[[ Material for this exercise, beginning ]]

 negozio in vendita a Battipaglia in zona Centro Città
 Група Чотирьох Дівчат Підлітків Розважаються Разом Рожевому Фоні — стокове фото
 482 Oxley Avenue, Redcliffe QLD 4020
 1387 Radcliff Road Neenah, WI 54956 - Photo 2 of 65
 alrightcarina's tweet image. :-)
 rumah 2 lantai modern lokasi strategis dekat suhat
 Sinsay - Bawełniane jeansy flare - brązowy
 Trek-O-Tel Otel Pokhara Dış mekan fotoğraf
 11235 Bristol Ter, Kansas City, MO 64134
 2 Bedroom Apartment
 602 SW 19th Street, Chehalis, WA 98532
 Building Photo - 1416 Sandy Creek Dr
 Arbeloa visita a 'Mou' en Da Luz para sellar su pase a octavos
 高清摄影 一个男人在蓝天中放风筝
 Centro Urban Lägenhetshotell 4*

[[ Material for this exercise, end ]]

Counting the lines above that hold "Photo", reply with the number and no other words.

2